# Mitmproxy Advanced Features
- Anticache
- Client-side replay
- Map Local
- Map Remote
- Modify Body
- Modify Headers
- Proxy Authentication
- Server-side replay
- Sticky Auth
- Sticky Cookies
- Streaming
- Upstream Certificates
# Anticache
When the anticache
option is set, it removes headers (if-none-match
and
if-modified-since
) that might elicit a 304 not modified
response from the
server. This is useful when you want to make sure you capture an HTTP exchange
in its totality. It’s also often used during client-side replay, when you want
to make sure the server responds with complete data.
# Client-side replay
Client-side replay does what it says on the tin: you provide a previously saved HTTP conversation, and mitmproxy replays the client requests one by one. Note that mitmproxy serialises the requests, waiting for a response from the server before starting the next request. This might differ from the recorded conversation, where requests may have been made concurrently.

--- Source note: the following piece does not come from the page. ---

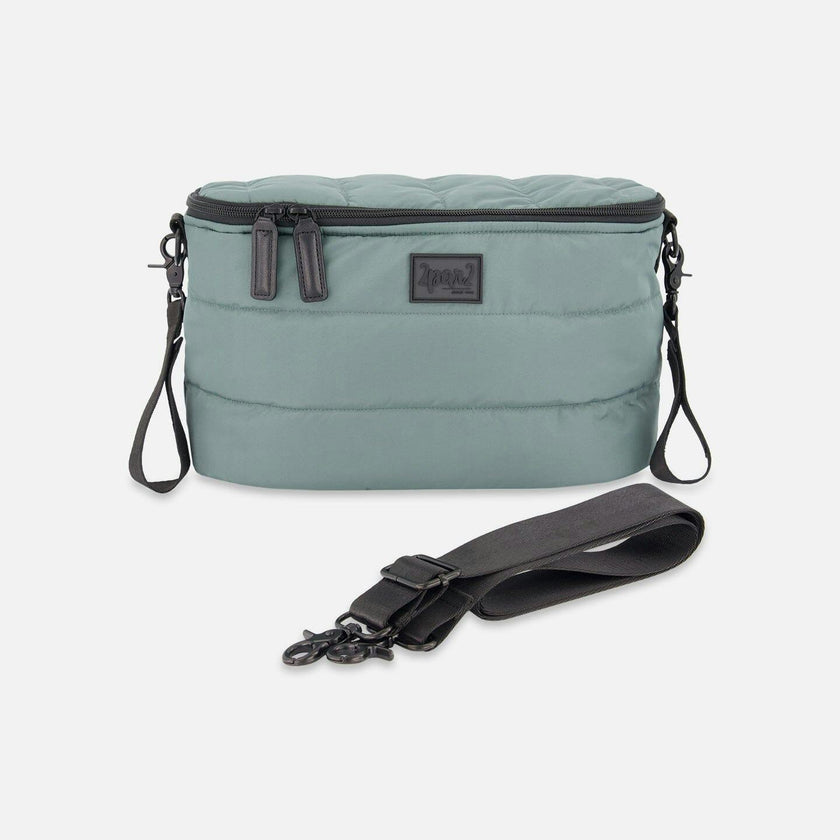 Mini Diaper Bag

You may want to use client-side replay in conjunction with the anticache
option, to make sure the server responds with complete data.
# Map Local
The map_local
option lets you specify an arbitrary number of patterns that
define redirections of HTTP requests to local files or directories.
The local file is fetched instead of the original resource
and transparently returned to the client.
map_local
patterns look like this:
|url-regex|local-path
|flow-filter|url-regex|local-path
-
local-path is the file or directory that should be served to the client.
-
url-regex is a regular expression applied on the request URL. It must match for a redirect to take place.
-
flow-filter is an optional mitmproxy filter expression that additionally constrains which requests will be redirected.
# Examples
Pattern | Description |
---|---|
|example.com/main.js|~/main-local.js |
Replace example.com/main.js with ~/main-local.js . |
|example.com/static|~/static |
Replace example.com/static/foo/bar.css with ~/static/foo/bar.css . |
|example.com/static/foo|~/static |
Replace example.com/static/foo/bar.css with ~/static/bar.css . |
|~m GET|example.com/static|~/static |
Replace example.com/static/foo/bar.css with ~/static/foo/bar.css (but only for GET requests). |
# Details
If local-path is a file, this file will always be served. File changes will be reflected immediately, there is no caching.
If local-path is a directory, url-regex is used to split the request URL in two parts and part on the right is appended to local-path, excluding the query string.
However, if url-regex contains a regex capturing group, this behavior changes and the first capturing group is appended instead (and query strings are not stripped).
Special characters are mapped to _
. If the file cannot be found, /index.html
is appended and we try again. Directory traversal outside of the originally specified directory is not possible.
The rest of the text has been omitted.